WHAT IS NEEDED: Output begins at the line with "NECKLACE SET WITH" and ends at the last line of the records below. Copy each line in that span exactly, and leave out pictures.

RECORDS FOR PROCESSING:
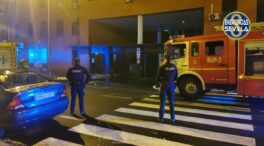 Un incendio en un aparcamiento en Sevilla deja cuatro coches y dos motos calcinadas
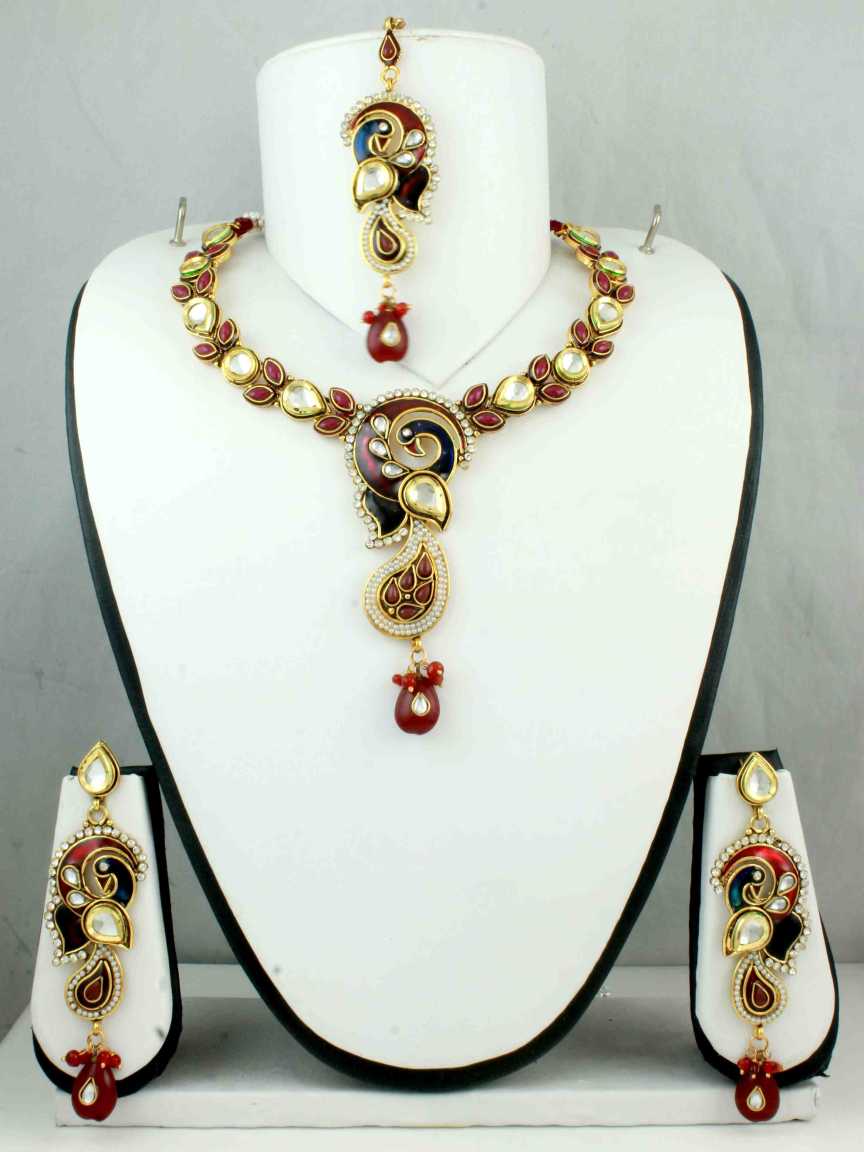 NECKLACE SET WITH MAANG TIKA in CHECKERED POLKI Style | Design - 10696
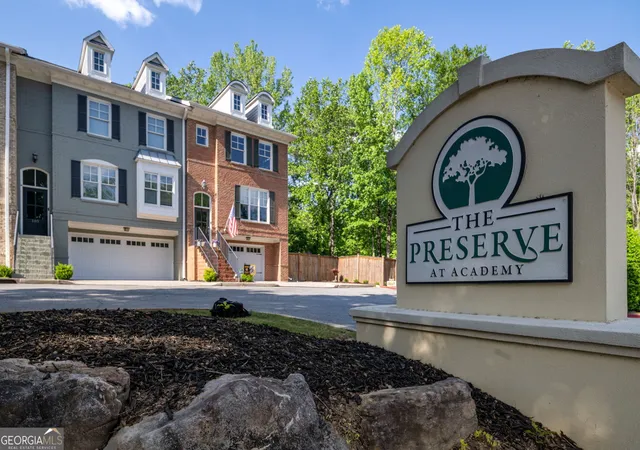 Photo 2 of Sale Pending at 105 Wade Creek Rd, Alpharetta, GA 30009 | MLS# 10740207 | Listing updated on 2026-09-03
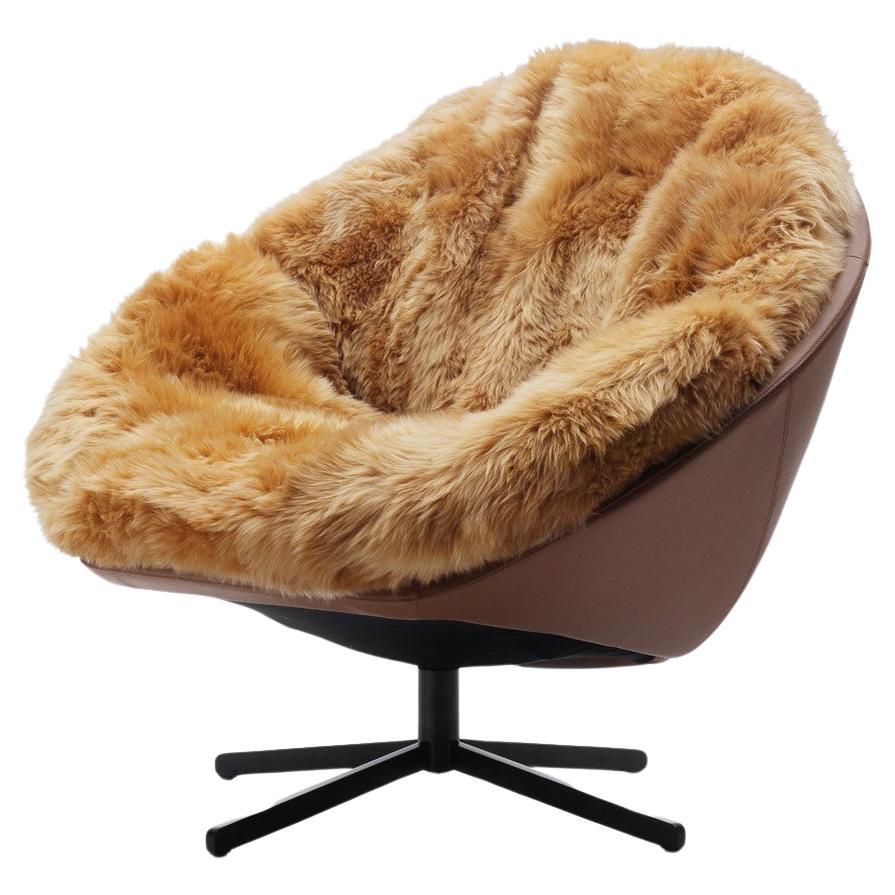 De Sede DS-265 Coco with Sheepskin 'Nomade' For Sale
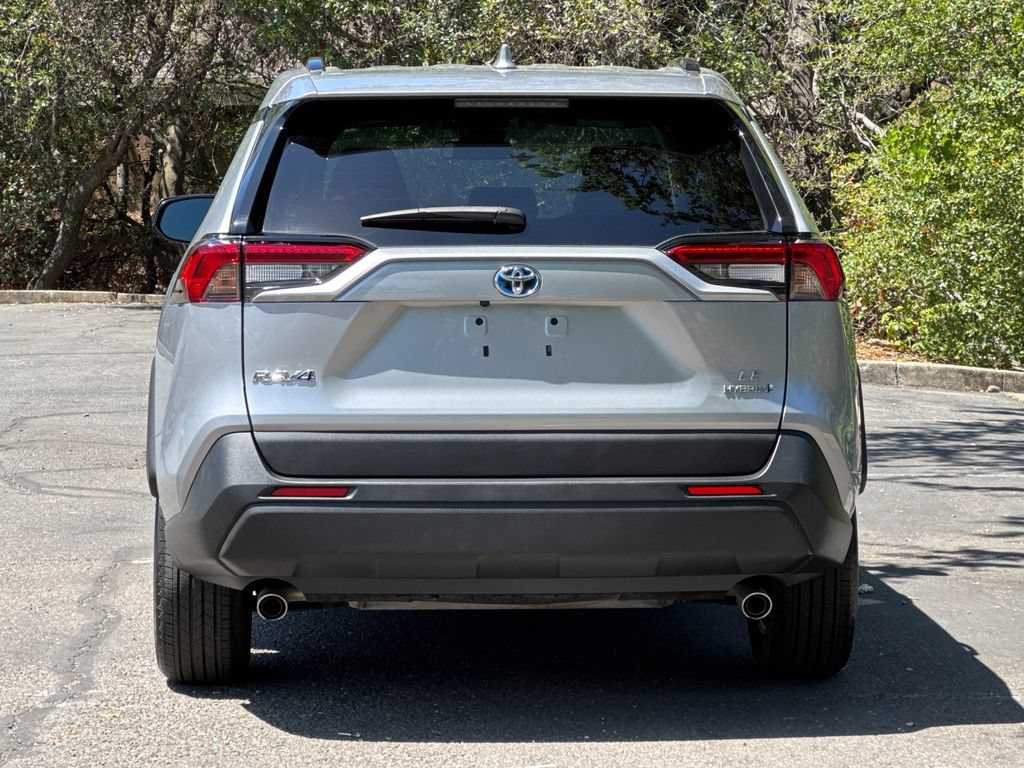 Used 2024 Toyota RAV4 LE AWD/4WD image 6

RESPONSE FOR THIS EXERCISE:
 NECKLACE SET WITH MAANG TIKA in CHECKERED POLKI Style | Design - 10696
 Photo 2 of Sale Pending at 105 Wade Creek Rd, Alpharetta, GA 30009 | MLS# 10740207 | Listing updated on 2026-09-03
 De Sede DS-265 Coco with Sheepskin 'Nomade' For Sale
 Used 2024 Toyota RAV4 LE AWD/4WD image 6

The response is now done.